Award reflects garden's style

Plot luck: Darin Bradbury and Wes Fleming in the award-winning Reflections garden, also dubbed Wes-field. Picture: Gary Sissons

By DAVID SCHOUT and CAMERON LUCADOU-WELLS

THE designers of Keysborough’s distinct Somerville estate garden have taken out a Victorian Landscape award.

The ‘Reflections’ garden, designed and constructed by TLC design in conjunction with landscape gardener Wes Fleming, won the ‘feature in the landscape’ category at the recent awards.

Judges said the garden was perfectly designed in a difficult area.

“There are many constraints to consider when designing entrance statements for housing estates,” one judge said.

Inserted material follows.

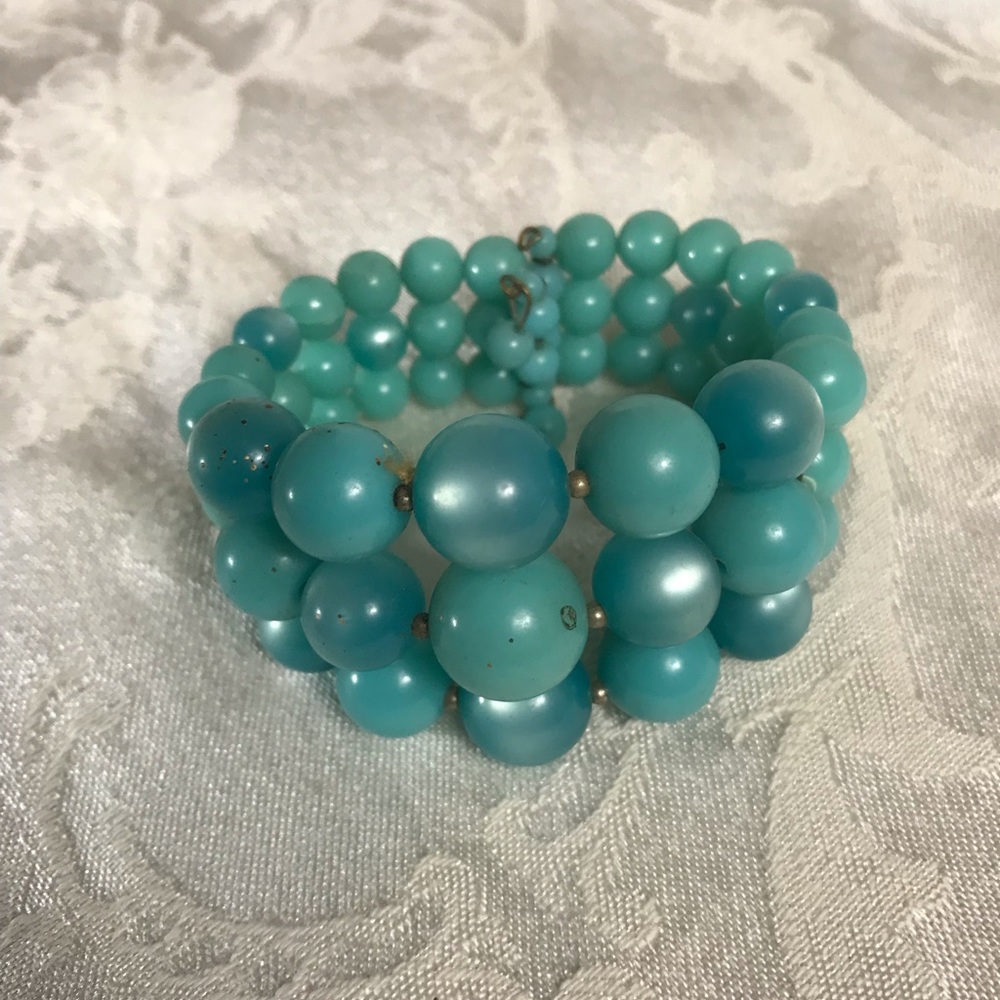 Vintage Baby Blue Beaded Stretch Bracelet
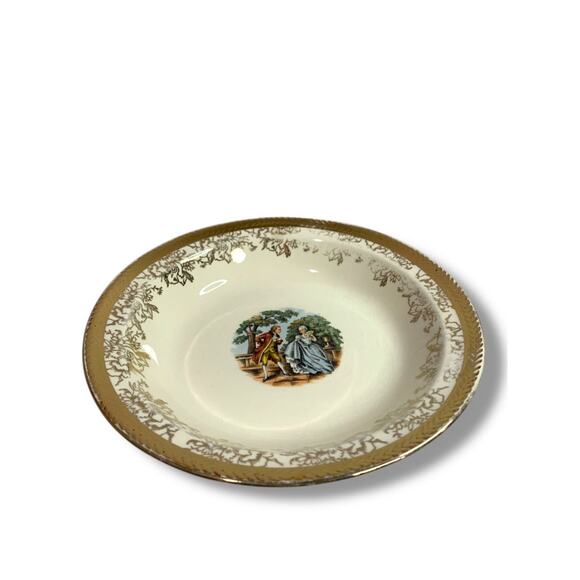 Vintage Taylor Smith Taylor TS&T Victorian Couple Rim Soup Bowl 7.75" 22K trim - Picture 1 of 10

“Make it too small and it goes unnoticed, too big and it might just make people think you are trying to compensate for something.”

The brief was for a ‘Chelsea garden’ not a traditional Australian garden, TLC design manager Darin Bradbury said.

Mr Bradbury, who grew up in Keys-borough, remembers the site when it was market gardens.

He said the natural materials used in the design took their cue from the surrounding environment.

Mr Fleming, an award-winning landscaper, distinctly wanted to use exotic plants rather than natives for the garden.

“A lot of talk about natives being more drought-resistant is a load of hogwash,” he said.

“There are a lot of hot and dry places all over the world. Once established, plants will adapt to the environment.

“Exotic trees are more drought-tolerant. When under stress, they go into hibernation and lose their foliage.

“Natives don’t go into hibernation and more of them die.”

The figure-eight-shaped garden is set next to a water feature, and a spiralling timber and stone structure designed by TLC.

The use of seasonal blossoming trees means the garden is a constantly changing entity.

TLC director Scott Wynd said the “unorthodox” design was “already having a positive flow-on effect for [Keysborough] residents”.